B.   Diagnosa Keperawatan
Diagnose keperawatan yang dapat ditemui pada klien bronkitis adalah:
1.    Bersihan jalan nafas tidak efektif berhubungan dengan peningkatan produksi
sputum dan broncospasme.
2.   Gangguan pertukaran gas dengan perubahan supple oksigen
3.   Gangguan nutrisi:kurang dari kebutuhan tubuh berhubungan dengan dispnea
dan anoreksia.
4.   Intoleransi aktifitas berhubungan dengan ketidak seimbangan suplei oksigen.

C. Intervensi Keperawatan

D. Implementasi
Implementasi adalah pelaksanaan rencana keperawatan oleh perawat dan klien.
Perawat bertanggung jawab terhadap asuhan keperawatan yang berfokus pada
klien.
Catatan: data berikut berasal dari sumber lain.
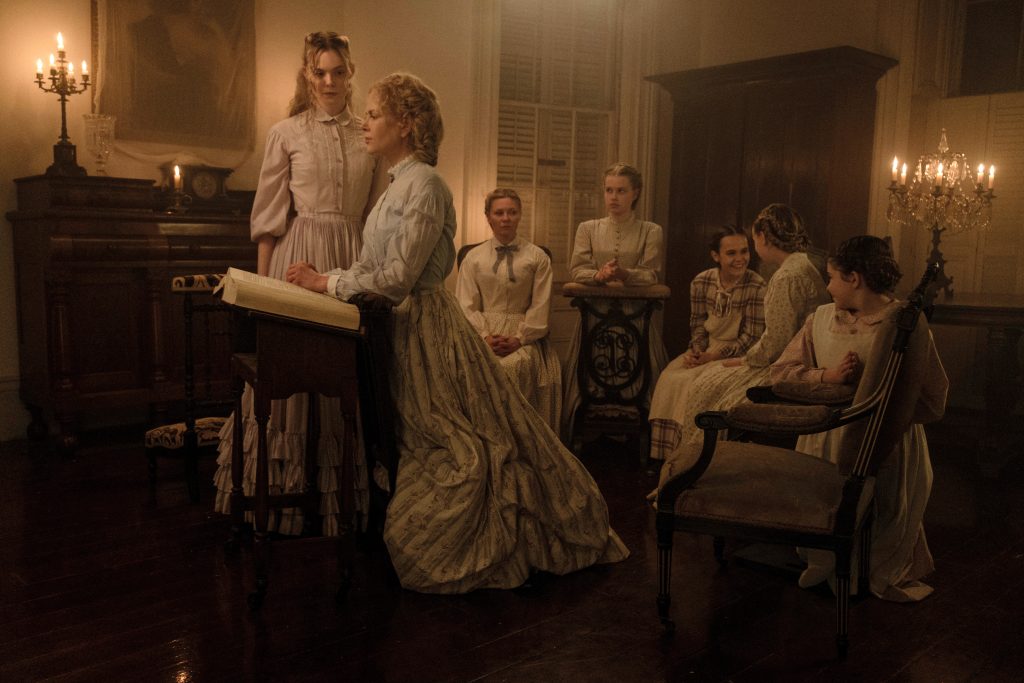 Filmstill aus THE BEGUILED (2017) - Martha (Nicole Kidman) und ihre Schülerinnen - © Universal Pictures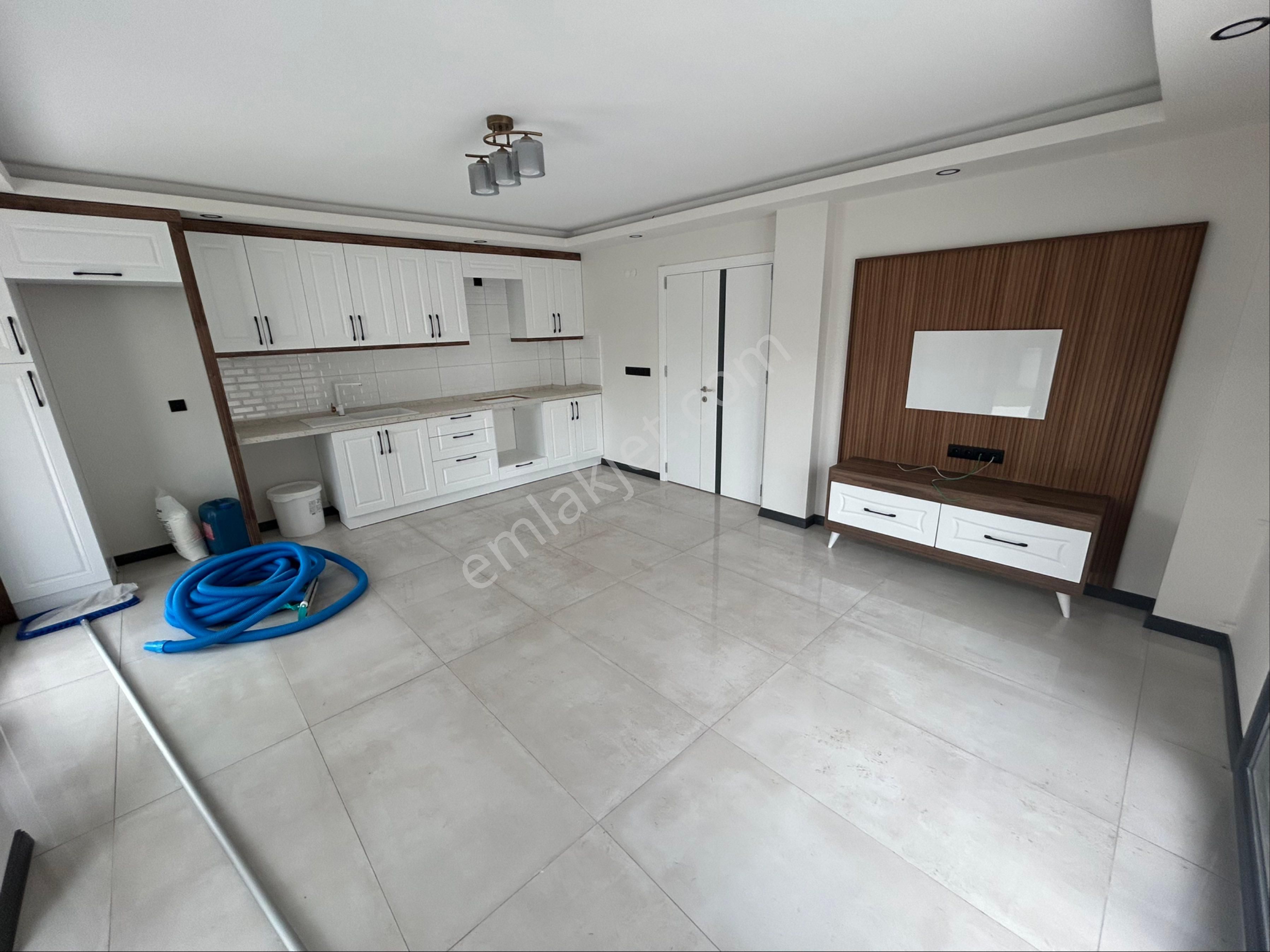 Didim Hisarda Havuzlu Sitede3+1 Villa - Görsel 18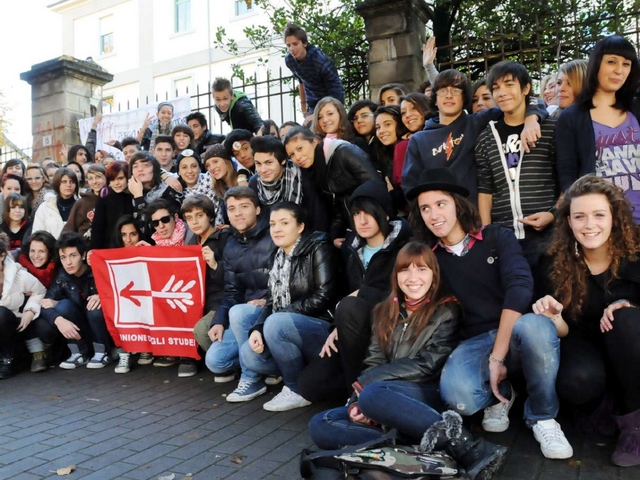Giussano, studenti Isa in scioperoAlla gogna il trasporto pubblico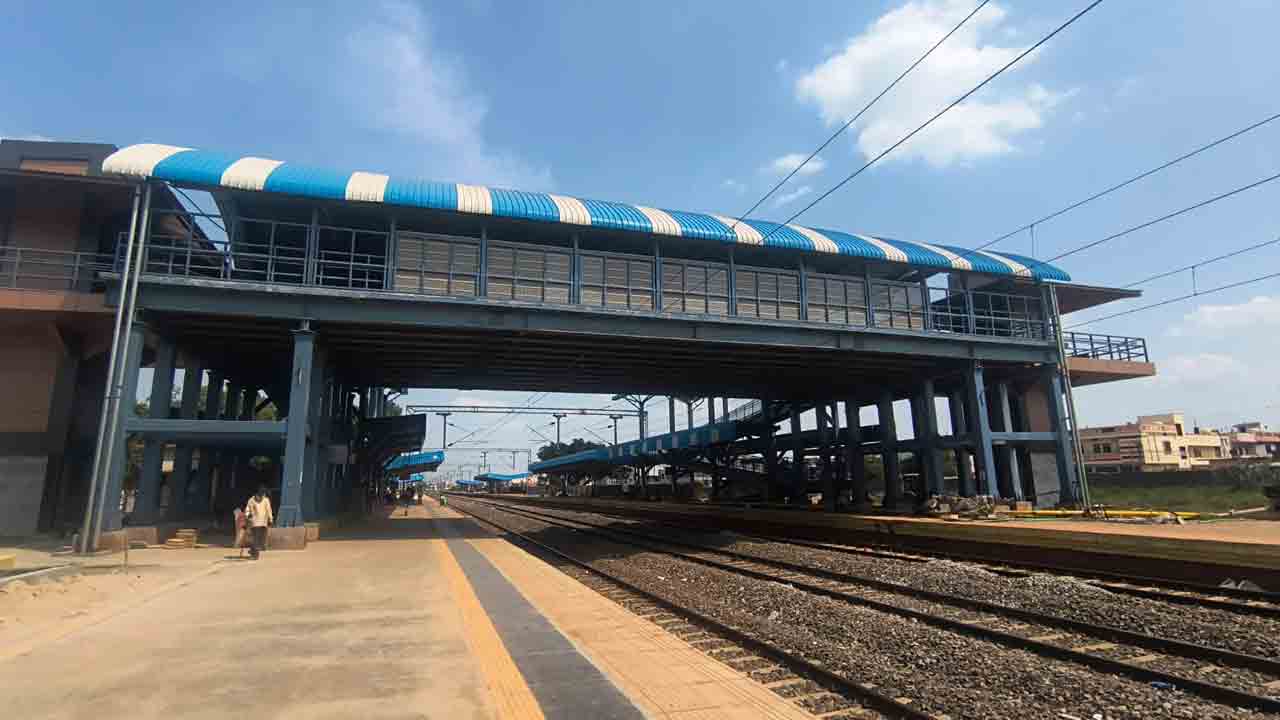 Zaheerabad Railway Station | జహీరాబాద్ రైల్వే స్టేషన్‌కు ఆధునిక హంగులు.. అమృత్ భార‌త్‌తో మోడ‌ల్ స్టేష‌న్‌గా..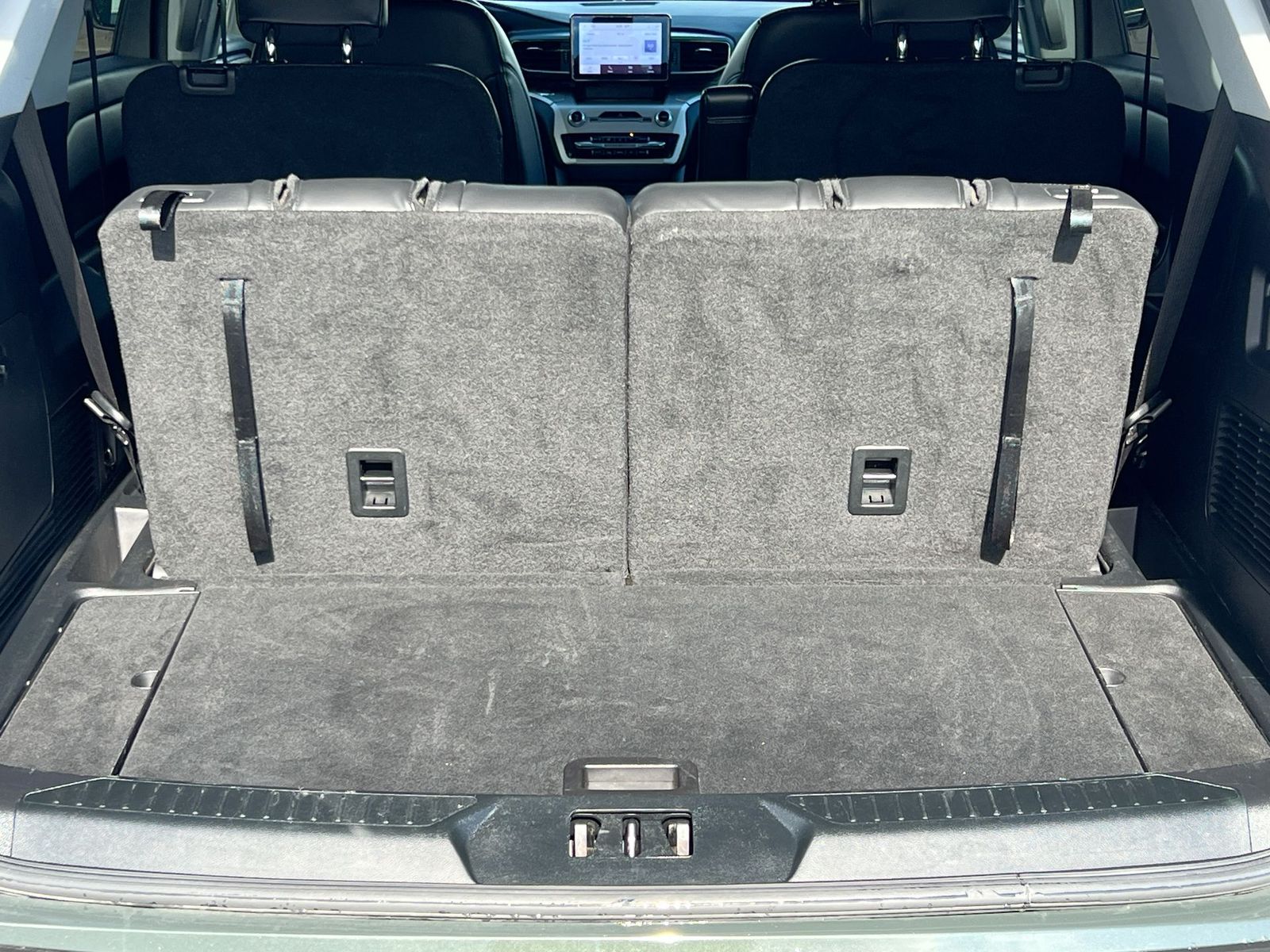 Thumbnail: 2022 Ford Explorer - 33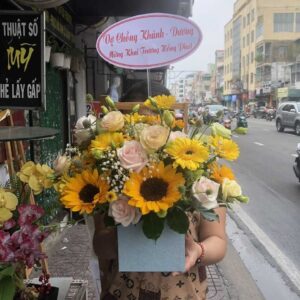 giỏ hoa khai trương 300k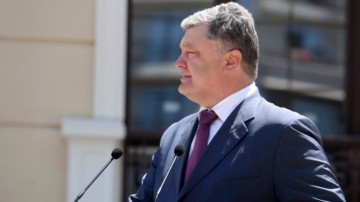 Порошенко рассказал о российских гирях на ногах Украины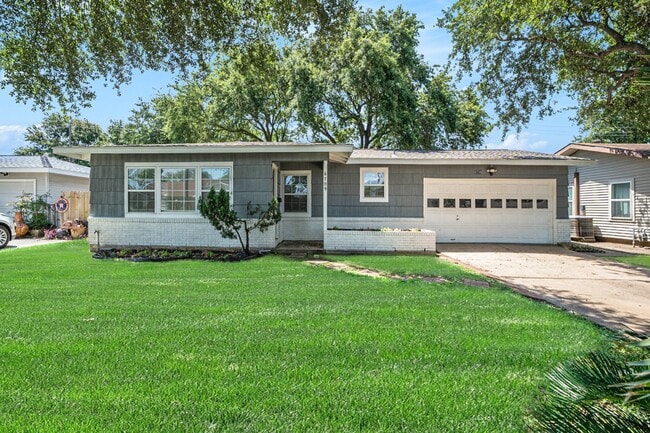 Building Photo - 6709 Fairway Dr Rental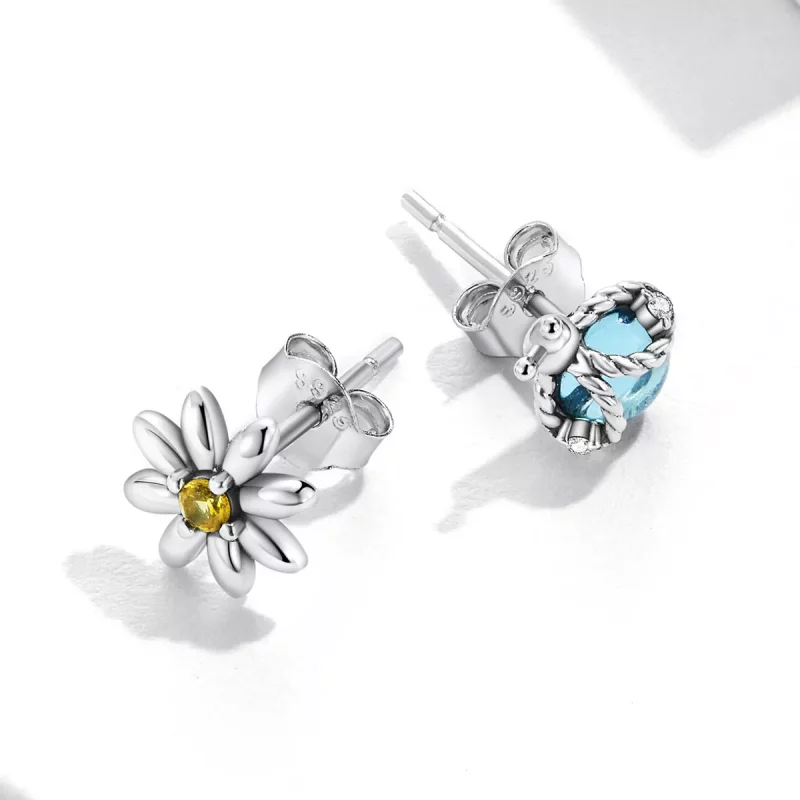(imagen para) Estilo Pandora Pendientes de Estudio Asimétricos con Margarita y Mariquita - SCE - Ver 3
Dan berorientasi pada hasil, sebagaimana digambarkan dalam rencana.
Fokus utama dari komponen implementasi adalah pemebrian asuhan
keperawatan yang aman dan individual dengan pendekatan multifocal
(Christensen & Kenney, 2009).

E. Evaluasi
Evaluasi adalah suatu proses yang terencana dan sistematis dalam
mengumpulkan, mengorganisasi, menganalisis, dan membandingkan status
kesehatan klien dengan criteria hasil yang diinginkan, serta menilai derajat
pencapaian hasil klien. Evaluasi adalah suatu aktivitas yang terus-menerus
(Christensen & Kenney, 2009).
Evaluasi dibagi menjadi 2 komponen yaitu :
1. Formatif
a. Tiap selesai melaksanakan tindakan keperawatan.
b. Evaluasi proses.
11

c. Biasanya berupa catatan perkembangan.


2. Sumatif
a. Rekapan terakhir secara paripurna.
b. Catatan naratif.
c. Penderita pulang/ pindah.
Metode evaluasi dengan pendekatan SOAP yaitu :
a. Subjektif adalah informasi berupa ungkapan yang didapat dari pasien
setelah tindakan yang diberikan.
b. Objektif adalah informasi yang didapat berupa hasil pengamatan,
penilaian, pengukuran yang dilakukan oleh perawat setelah tindakan
dilakukan.
c. Analisis adalah membandingkan antara nformasi subjektif dan objektif
dengan tujuan dan criteria hasil , kemudian diambil kesimpulan bahwa
masalah teratasi, teratasi sebagian, atau tidak teratasi.
d. Planning adalah rencana keperawatan lanjutanyang akan dilakukan
berdasarkan hasil analisa ( S1 Keperawatan, 2012).